Oggi si fa più acuta la preoccupazione attorno alla rinascita di una destra radicale, giunta al potere in connubio con il populismo, per cui siamo chiamati innanzi tutto a definire in tempi rapidi la forma di una nuova alleanza democratica.

Dopo aver chiarito l’equivoco dovuto alla pubblicazione sul “Domani d’Italia” di un articolo apparso per errore a sua firma, con Pierluigi Castagnetti il colloquio si rianima di ragioni utili per aspetti e contenuti di ordine generale. Siamo abituati alla sincerità e al rispetto reciproco.

Pierluigi difende l’attività dell’Associazione “I Popolari” da lui presieduta con il fermo proposito di ottemperare alla deliberazione dell’ultimo congresso del Ppi, tenutosi a Roma nella primavera del 2002. In effetti, nella sua nota di qualche giorno fa, ha battuto con forza su questo tasto.

Ecco il punto. L’Associazione, a seguito della decisione di sospendere l’attività del partito per contribuire alla nascita della Margherita, aveva il compito di salvaguardare e diffondere il patrimonio ideale del popolarismo. A questo impegno Castagnetti è rimasto indubbiamente fedele. Nessuno intende sollevare obiezioni a riguardo.

Si potrebbe osservare, tuttavia, che il mandato del congresso non si estendeva a ulteriori passaggi, in particolare al superamento della stessa Margherita e alla fondazione del Partito democratico. Se ne è discusso in passato, sia pure con fastidio e un pizzico di negligenza, ma oggi non avrebbe senso riaprire i termini di un ipotetico contenzioso.

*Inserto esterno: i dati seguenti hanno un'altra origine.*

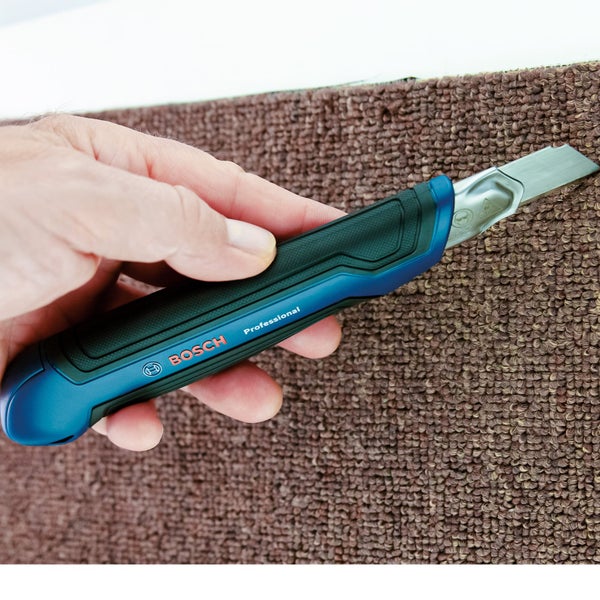 Werkzeugsatz in blauem Koffer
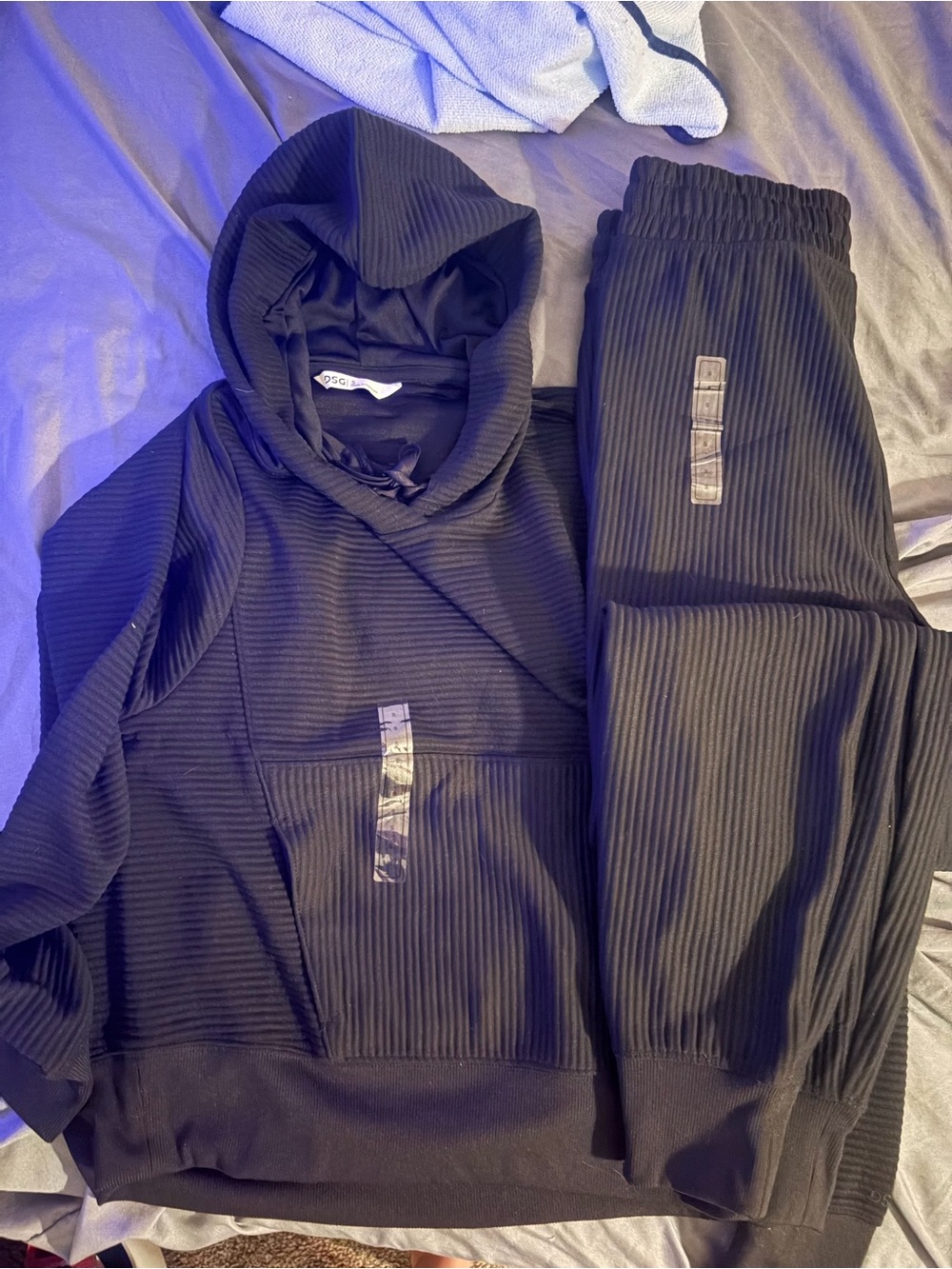 DSG Black Ribbed Pullover Hoodie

A me preme segnalare che le difficoltà riscontrate da Castagnetti, in primis il dilagare di una secolarizzazione politica che rispecchia lo stato del cattolicesimo italiano, laddove la caduta delle vocazioni alla vita consacrata agisce come fattore di rallentamento dell’azione evangelizzatrice della Chiesa, deve stimolare ancor più tra di noi la ripresa di un confronto serrato sulle responsabilità dei laici tanto nel mondo ecclesiale, quanto in quello civile (e dunque politico).

Che dibattito, allora? Ritengo per parte mia che il Partito democratico non contempli adeguatamente la ricchezza della nostra visione “cristiano democratica e popolare”; ma non per questo, dinanzi alle scelte compiute e alle preferenze consolidate, è lecito che s’imponga di “mettere (o rimettere) ai voti” l’esito di una vicenda politica a dir poco complessa.

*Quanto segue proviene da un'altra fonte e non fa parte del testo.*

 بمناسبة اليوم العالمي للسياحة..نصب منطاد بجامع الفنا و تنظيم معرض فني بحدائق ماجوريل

Basta semmai riconoscere che l’Associazione conserva integra la sua natura e funzione anche se – parlo per me, ma non solo per me – l’indirizzo democratico e riformatore ha trovato risposte individuali diverse, al fianco ma non dentro il Partito democratico, sempre in aderenza però alla cultura degasperiana del “centro che muove verso sinistra”. L’importante è riprendere il filo di una comune riflessione sul futuro della democrazia e sul modo di viverne, da Popolari autentici, il travaglio in corso.

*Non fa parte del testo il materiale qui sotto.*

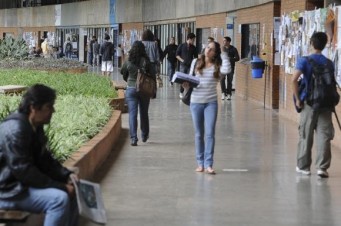 Para especialistas, mudanças no Fies tornam o programa mais sustentável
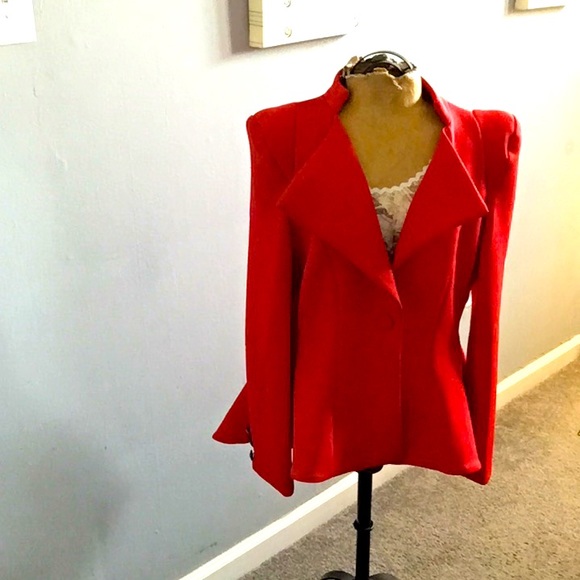 Two piece that can be sold separately - Picture 2 of 8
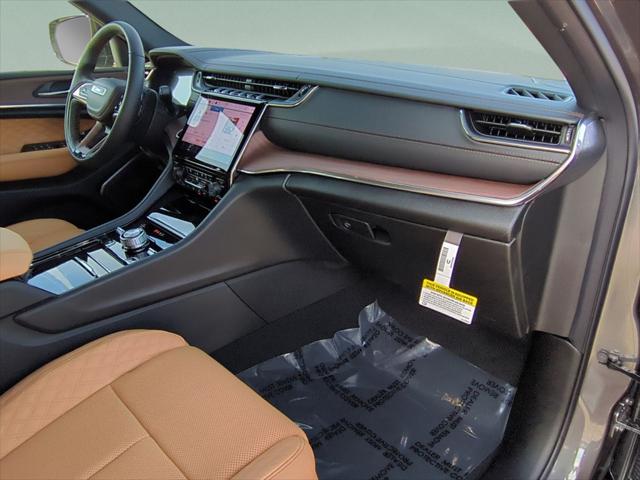 2025 Jeep Grand Cherokee L Summit 4x4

Oggi si fa più acuta la preoccupazione attorno alla rinascita di una destra radicale, giunta al potere in connubio con il populismo, per cui siamo chiamati innanzi tutto a definire in tempi rapidi la forma di una nuova alleanza democratica. Forse potremmo contribuire a questa opera di ricostruzione aggiornando e affinando la nostra esperienza di cattolici democratici. E le imminenti elezioni europee e amministrative costituiscono un decisivo terreno di verifica.

Se potessimo far sentire la voce dei Popolari, unitariamente, così da mostrare quella sintonia che solo un timore infondato c’impedisce di cogliere, alla pubblica opinione e agli elettori daremmo un forte segnale di vitalità e soprattutto di responsabilità.